Of course, companies can help pushing a no-handshake policy.
Tyler Benedict’s content marketing conference in Asheville, NC, was happening as President Trump was halting all travel of foreigners from Europe to the USA last week.
“We knew not everyone would have their travel reigned in, and had a decent number of attendees within driving distance, so we opted to keep the schedule as planned,” Tyler said. “But we took measures like providing travel-size hand sanitizers to every attendee, adopting a ‘fist bump’ or elbow tap handshake policy, and generally encouraging everyone to wash hands frequently and especially before out catered lunches.”
SHRM, the human resources organization does recommend in an article that companies should consider having an official policy.

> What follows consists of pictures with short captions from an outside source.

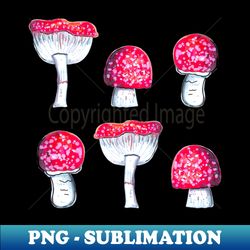 Red Amanita Mushrooms - Stylish Sublimation Digital Download - Create with Confidence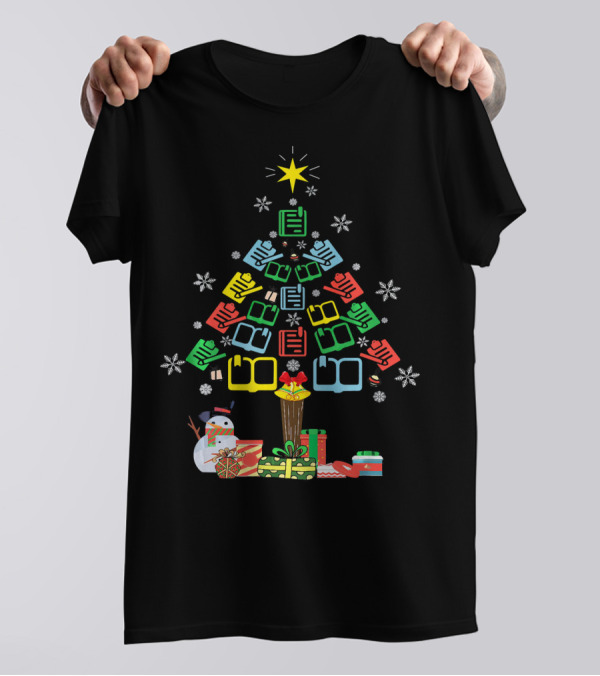 Librarian Christmas Tree With Books And Snowflakes T-Shirt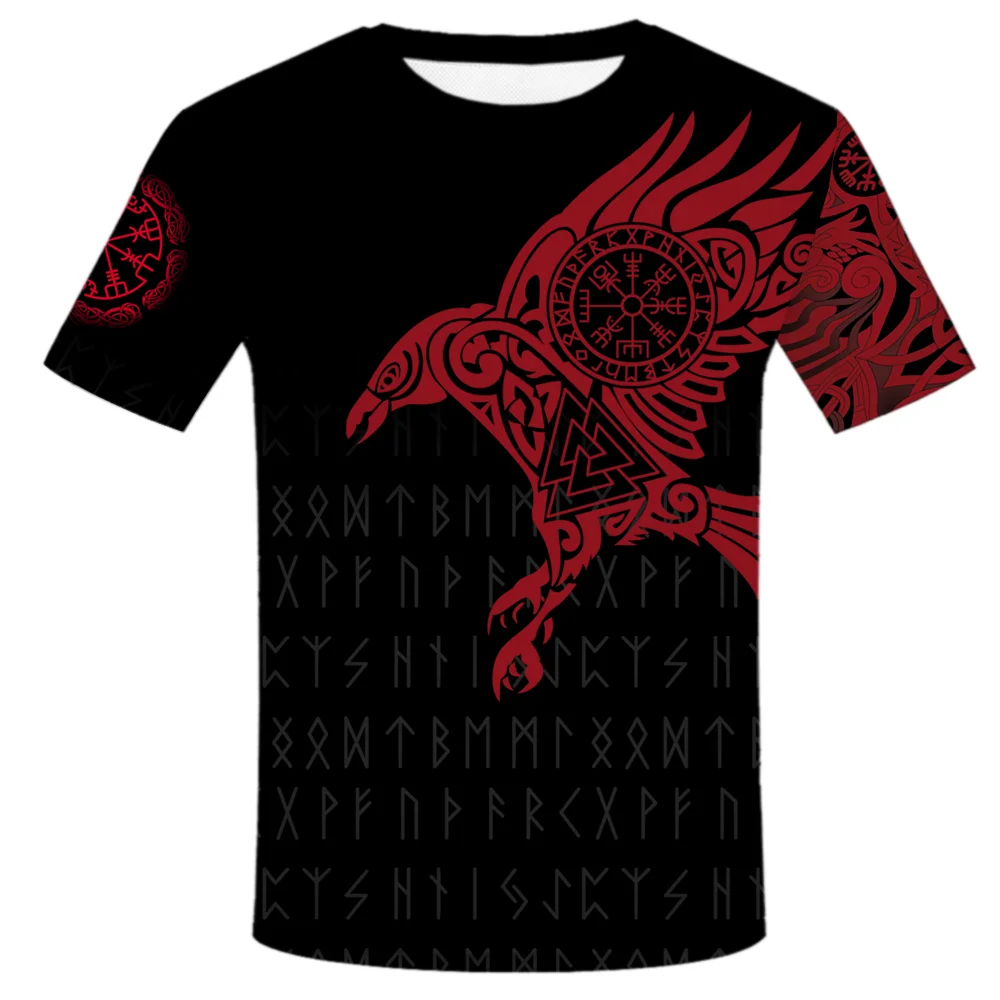 2021 New Men's Viking T-shirt symbol - Tattoo 3D printing clothes Nordic mythology pullover T shirt harajuku kids boys T Shirt
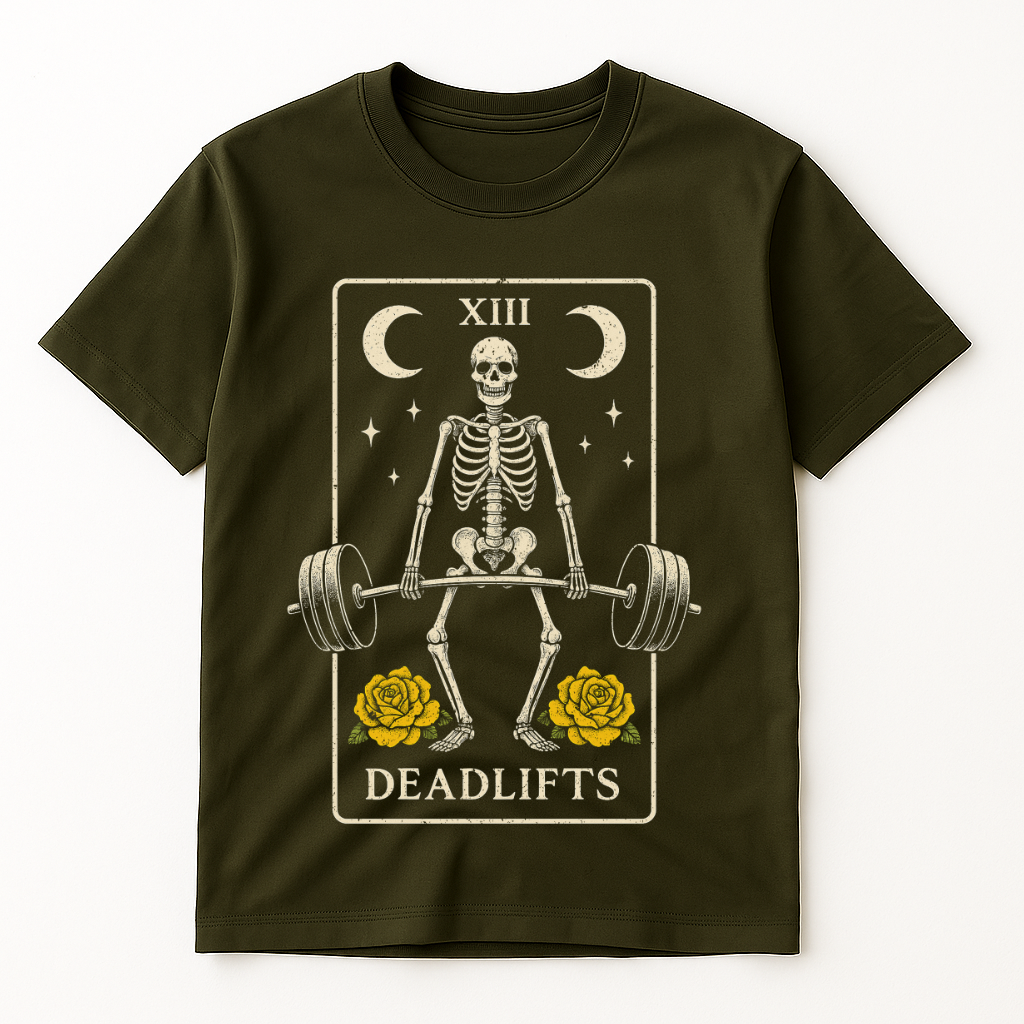SKELETON DEADLIFT TAROT CARD T-SHIRT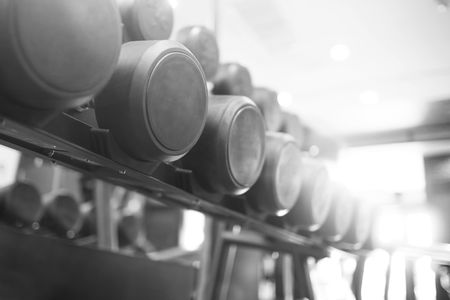 GYM interior with equipmentの写真素材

What about handshakes to finalize deals?
Handshakes have also been the sign that a deal was completed. Done, let’s do it. People shake hands. Are those legally binding? Ask your lawyer for an official opinion, please. McCabe Rabin, a Florida law firm, says the following on its website:
As a general rule, the law does not require most agreements to be reduced to writing to be enforceable. A verbal contract or a handshake deal may be just as enforceable as a written contract. Verbal or handshake agreements are subject to the same contract principles that apply to written contracts.
Email is binding too. I’ve actually won in an Atlanta court a payment dispute before that didn’t have a formal contract but a lengthy email trail where the client and I had agreed on payment terms.
Nonetheless, in my opinion it’s always better to have it all in writing so there are no misunderstandings about deliverables, timelines, payment terms, etc. – whether that’s in the form of an official contract or an ongoing email exchange.
The best thing anyone can do right now, according to health officials, is to stay home. When that’s not possible, at least don’t shake hands.